* _Exercise details_
Restate the data that follows exactly as it stands, beginning with the first line and ending with the line that contains "More+Pigeons+Interested+in+Solar+Panels+in+Beeston".

Data extracted from a collection
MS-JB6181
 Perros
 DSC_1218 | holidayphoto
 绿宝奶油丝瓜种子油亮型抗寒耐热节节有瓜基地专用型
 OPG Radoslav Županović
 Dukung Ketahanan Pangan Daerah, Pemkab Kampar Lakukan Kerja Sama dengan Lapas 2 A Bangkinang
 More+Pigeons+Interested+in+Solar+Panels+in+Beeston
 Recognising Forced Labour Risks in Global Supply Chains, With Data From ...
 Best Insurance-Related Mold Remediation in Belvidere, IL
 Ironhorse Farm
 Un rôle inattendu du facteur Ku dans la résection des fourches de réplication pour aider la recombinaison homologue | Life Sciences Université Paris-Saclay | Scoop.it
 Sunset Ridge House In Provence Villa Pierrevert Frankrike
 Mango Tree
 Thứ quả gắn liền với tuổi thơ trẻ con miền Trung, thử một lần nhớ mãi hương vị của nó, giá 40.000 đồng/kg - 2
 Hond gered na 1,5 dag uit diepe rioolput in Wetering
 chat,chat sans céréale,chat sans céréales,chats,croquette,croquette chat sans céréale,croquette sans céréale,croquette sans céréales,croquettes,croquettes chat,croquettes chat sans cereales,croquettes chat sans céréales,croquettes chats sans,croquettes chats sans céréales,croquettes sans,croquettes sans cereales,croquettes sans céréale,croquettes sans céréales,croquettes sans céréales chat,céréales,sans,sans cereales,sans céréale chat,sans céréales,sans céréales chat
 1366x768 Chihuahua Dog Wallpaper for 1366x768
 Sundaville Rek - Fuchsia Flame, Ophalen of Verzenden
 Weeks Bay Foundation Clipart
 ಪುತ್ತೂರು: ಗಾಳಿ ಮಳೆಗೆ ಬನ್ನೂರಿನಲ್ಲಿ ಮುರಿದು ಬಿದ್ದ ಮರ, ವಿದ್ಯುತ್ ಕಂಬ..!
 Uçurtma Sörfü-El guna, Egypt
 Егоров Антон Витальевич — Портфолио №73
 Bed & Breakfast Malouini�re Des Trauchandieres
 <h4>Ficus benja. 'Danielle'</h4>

* _Task answer_
MS-JB6181
 Perros
 DSC_1218 | holidayphoto
 绿宝奶油丝瓜种子油亮型抗寒耐热节节有瓜基地专用型
 OPG Radoslav Županović
 Dukung Ketahanan Pangan Daerah, Pemkab Kampar Lakukan Kerja Sama dengan Lapas 2 A Bangkinang
 More+Pigeons+Interested+in+Solar+Panels+in+Beeston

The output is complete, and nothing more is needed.